■ Work item ■
In the records below, find the line holding "家庭白酒酿酒方法视频教程全集大全" and the line holding "Аквариумы: Tısbağa 🐢🐢🐢🐢🐢". Set down both, with every line between them, exactly.

[Stored data entries]
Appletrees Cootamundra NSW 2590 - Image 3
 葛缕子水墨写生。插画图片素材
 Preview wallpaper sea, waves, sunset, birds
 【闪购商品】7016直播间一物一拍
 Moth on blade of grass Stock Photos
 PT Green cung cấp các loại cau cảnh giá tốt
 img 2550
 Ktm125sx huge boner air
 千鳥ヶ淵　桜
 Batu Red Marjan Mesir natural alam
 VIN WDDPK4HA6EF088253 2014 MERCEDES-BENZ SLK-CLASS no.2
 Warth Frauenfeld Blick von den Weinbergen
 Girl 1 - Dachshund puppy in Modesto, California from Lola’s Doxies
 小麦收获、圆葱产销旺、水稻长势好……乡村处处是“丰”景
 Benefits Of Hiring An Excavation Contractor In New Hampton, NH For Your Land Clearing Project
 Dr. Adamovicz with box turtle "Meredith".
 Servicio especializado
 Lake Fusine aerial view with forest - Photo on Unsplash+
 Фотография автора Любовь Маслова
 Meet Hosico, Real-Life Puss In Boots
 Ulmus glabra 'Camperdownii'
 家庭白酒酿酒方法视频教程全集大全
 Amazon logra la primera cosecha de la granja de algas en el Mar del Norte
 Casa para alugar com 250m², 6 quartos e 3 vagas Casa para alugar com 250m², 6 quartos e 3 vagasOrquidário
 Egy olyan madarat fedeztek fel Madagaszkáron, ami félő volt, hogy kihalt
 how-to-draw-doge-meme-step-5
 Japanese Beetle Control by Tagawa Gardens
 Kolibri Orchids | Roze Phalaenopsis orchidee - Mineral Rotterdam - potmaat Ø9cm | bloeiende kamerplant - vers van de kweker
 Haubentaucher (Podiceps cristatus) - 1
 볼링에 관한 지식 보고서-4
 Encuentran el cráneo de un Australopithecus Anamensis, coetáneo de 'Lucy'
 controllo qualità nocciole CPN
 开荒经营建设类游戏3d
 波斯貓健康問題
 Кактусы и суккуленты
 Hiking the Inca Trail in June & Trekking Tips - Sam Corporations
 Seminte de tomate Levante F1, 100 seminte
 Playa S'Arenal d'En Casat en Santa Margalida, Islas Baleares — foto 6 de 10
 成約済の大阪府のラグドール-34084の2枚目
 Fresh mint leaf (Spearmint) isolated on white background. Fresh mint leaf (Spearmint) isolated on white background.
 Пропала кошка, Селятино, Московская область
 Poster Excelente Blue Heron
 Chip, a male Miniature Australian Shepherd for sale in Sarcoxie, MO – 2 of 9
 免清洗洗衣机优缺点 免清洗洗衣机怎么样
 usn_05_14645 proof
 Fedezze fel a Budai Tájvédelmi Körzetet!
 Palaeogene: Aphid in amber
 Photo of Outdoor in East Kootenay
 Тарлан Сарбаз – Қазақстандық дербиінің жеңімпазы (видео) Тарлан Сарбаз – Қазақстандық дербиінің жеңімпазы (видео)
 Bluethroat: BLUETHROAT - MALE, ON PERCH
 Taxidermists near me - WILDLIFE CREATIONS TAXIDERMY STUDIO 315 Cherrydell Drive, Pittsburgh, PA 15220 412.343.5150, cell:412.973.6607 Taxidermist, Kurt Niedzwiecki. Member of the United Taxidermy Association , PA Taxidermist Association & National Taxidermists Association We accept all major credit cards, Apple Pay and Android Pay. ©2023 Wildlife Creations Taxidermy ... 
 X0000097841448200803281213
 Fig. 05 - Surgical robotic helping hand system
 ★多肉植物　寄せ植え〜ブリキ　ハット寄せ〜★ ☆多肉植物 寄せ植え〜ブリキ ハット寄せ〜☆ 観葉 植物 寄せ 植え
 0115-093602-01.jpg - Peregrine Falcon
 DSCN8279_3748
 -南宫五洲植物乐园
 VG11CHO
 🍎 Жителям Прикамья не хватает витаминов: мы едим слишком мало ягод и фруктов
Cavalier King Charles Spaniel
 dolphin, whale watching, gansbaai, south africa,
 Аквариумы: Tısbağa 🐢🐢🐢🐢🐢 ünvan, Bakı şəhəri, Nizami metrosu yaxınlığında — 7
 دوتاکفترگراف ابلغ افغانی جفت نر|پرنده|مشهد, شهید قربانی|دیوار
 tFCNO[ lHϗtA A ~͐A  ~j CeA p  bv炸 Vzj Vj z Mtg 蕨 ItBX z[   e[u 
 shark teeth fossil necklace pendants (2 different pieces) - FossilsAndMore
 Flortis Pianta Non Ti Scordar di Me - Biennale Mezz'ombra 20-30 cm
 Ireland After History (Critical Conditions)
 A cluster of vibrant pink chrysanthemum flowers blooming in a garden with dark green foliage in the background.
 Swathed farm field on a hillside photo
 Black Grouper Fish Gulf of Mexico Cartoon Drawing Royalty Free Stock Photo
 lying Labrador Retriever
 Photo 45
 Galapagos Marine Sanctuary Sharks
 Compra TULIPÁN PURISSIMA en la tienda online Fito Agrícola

■ Exercise answer ■
 家庭白酒酿酒方法视频教程全集大全
 Amazon logra la primera cosecha de la granja de algas en el Mar del Norte
 Casa para alugar com 250m², 6 quartos e 3 vagas Casa para alugar com 250m², 6 quartos e 3 vagasOrquidário
 Egy olyan madarat fedeztek fel Madagaszkáron, ami félő volt, hogy kihalt
 how-to-draw-doge-meme-step-5
 Japanese Beetle Control by Tagawa Gardens
 Kolibri Orchids | Roze Phalaenopsis orchidee - Mineral Rotterdam - potmaat Ø9cm | bloeiende kamerplant - vers van de kweker
 Haubentaucher (Podiceps cristatus) - 1
 볼링에 관한 지식 보고서-4
 Encuentran el cráneo de un Australopithecus Anamensis, coetáneo de 'Lucy'
 controllo qualità nocciole CPN
 开荒经营建设类游戏3d
 波斯貓健康問題
 Кактусы и суккуленты
 Hiking the Inca Trail in June & Trekking Tips - Sam Corporations
 Seminte de tomate Levante F1, 100 seminte
 Playa S'Arenal d'En Casat en Santa Margalida, Islas Baleares — foto 6 de 10
 成約済の大阪府のラグドール-34084の2枚目
 Fresh mint leaf (Spearmint) isolated on white background. Fresh mint leaf (Spearmint) isolated on white background.
 Пропала кошка, Селятино, Московская область
 Poster Excelente Blue Heron
 Chip, a male Miniature Australian Shepherd for sale in Sarcoxie, MO – 2 of 9
 免清洗洗衣机优缺点 免清洗洗衣机怎么样
 usn_05_14645 proof
 Fedezze fel a Budai Tájvédelmi Körzetet!
 Palaeogene: Aphid in amber
 Photo of Outdoor in East Kootenay
 Тарлан Сарбаз – Қазақстандық дербиінің жеңімпазы (видео) Тарлан Сарбаз – Қазақстандық дербиінің жеңімпазы (видео)
 Bluethroat: BLUETHROAT - MALE, ON PERCH
 Taxidermists near me - WILDLIFE CREATIONS TAXIDERMY STUDIO 315 Cherrydell Drive, Pittsburgh, PA 15220 412.343.5150, cell:412.973.6607 Taxidermist, Kurt Niedzwiecki. Member of the United Taxidermy Association , PA Taxidermist Association & National Taxidermists Association We accept all major credit cards, Apple Pay and Android Pay. ©2023 Wildlife Creations Taxidermy ... 
 X0000097841448200803281213
 Fig. 05 - Surgical robotic helping hand system
 ★多肉植物　寄せ植え〜ブリキ　ハット寄せ〜★ ☆多肉植物 寄せ植え〜ブリキ ハット寄せ〜☆ 観葉 植物 寄せ 植え
 0115-093602-01.jpg - Peregrine Falcon
 DSCN8279_3748
 -南宫五洲植物乐园
 VG11CHO
 🍎 Жителям Прикамья не хватает витаминов: мы едим слишком мало ягод и фруктов
Cavalier King Charles Spaniel
 dolphin, whale watching, gansbaai, south africa,
 Аквариумы: Tısbağa 🐢🐢🐢🐢🐢 ünvan, Bakı şəhəri, Nizami metrosu yaxınlığında — 7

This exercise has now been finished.